Using Distributed Tracing for debugging with Zipkin
This tutorial takes you through setting up a .NET Core application that sends tracing data to a Zipkin server.
Note
For more detailed examples, please refer to the Tracing project in the Steeltoe Samples Repository.
First, start a Zipkin instance. Depending on your hosting platform this is done in several ways.
Using the Steeltoe dockerfile, start a local instance of Zipkin
docker run --publish 9411:9411 steeltoeoss/zipkin
Once everything is finished initializing, you will see a message confirming startup:
Started ZipkinServer in xx seconds
You can view the Zipkin dashboard by navigating to http://localhost:9411
Next, create a .NET Core WebAPI that interacts with Distributed Tracing
Create a new ASP.NET Core WebAPI app with the Steeltoe Initializr
Name the project "DistributedTracingExample"

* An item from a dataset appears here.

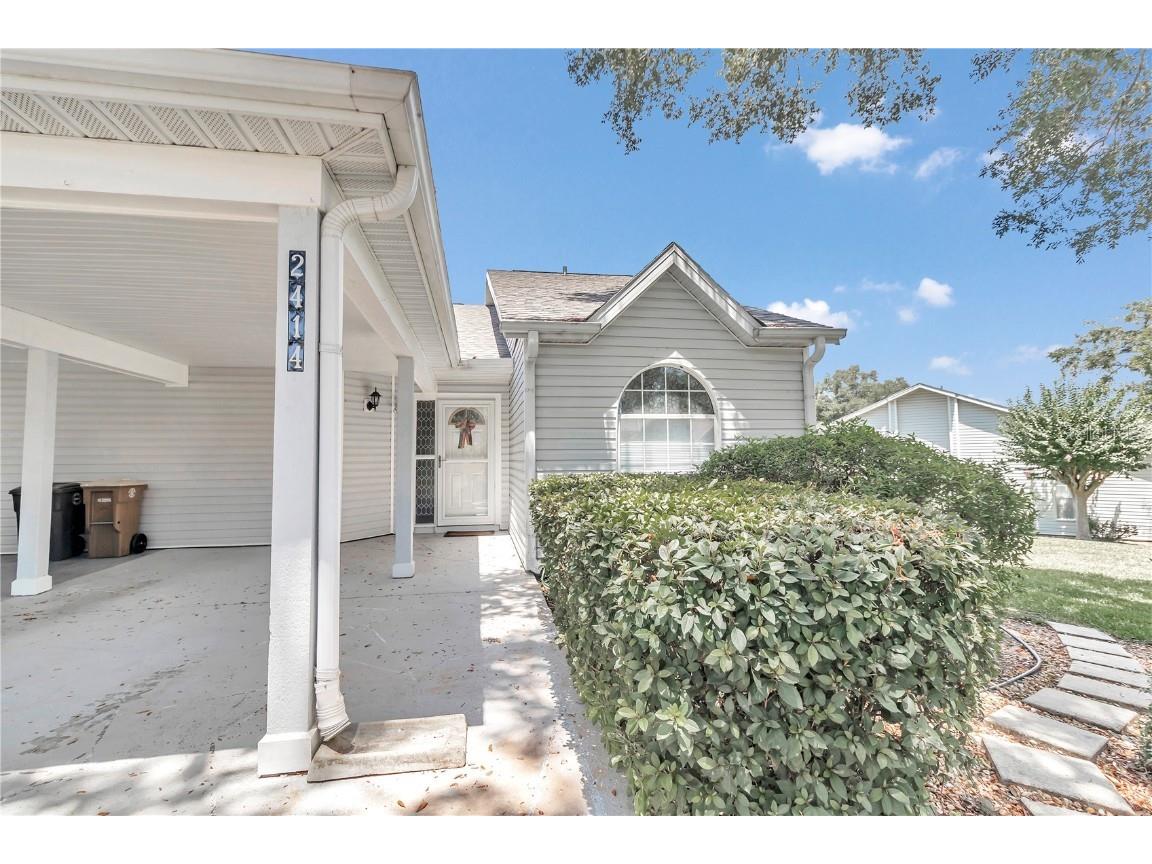 2414 SE 18th Circle Ocala FL 34471 OM679850 image1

No dependency needs to be added
Click Generate Project to download a zip containing the new project
Extract the zipped project and open in your IDE of choice
Add
Steeltoe.Management.TracingCore
NuGet package to your project<ItemGroup> ... <PackageReference Include="Steeltoe.Management.TracingCore" Version="3.2.0" /> ... </ItemGroup>
Add Distributed Tracing to your startup services
public void ConfigureServices(IServiceCollection services) { // Other service registrations... // Available through Steeltoe.Management.Tracing namespace services.AddDistributedTracingAspNetCore(); }
Run the application
dotnet run<PATH_TO>\DistributedTracingExample.csproj
Navigate to the endpoint (you may need to change the port number) http://localhost:5000/api/values
- Now that you have successfully run a request through the app, navigate back to the zipkin dashboard and click the "Find Traces" button. This will search for recent traces. The result should show the trace for your request.
- Clicking on that trace will drill into the details. Then clicking on a specific action within the trace will give you even more detail.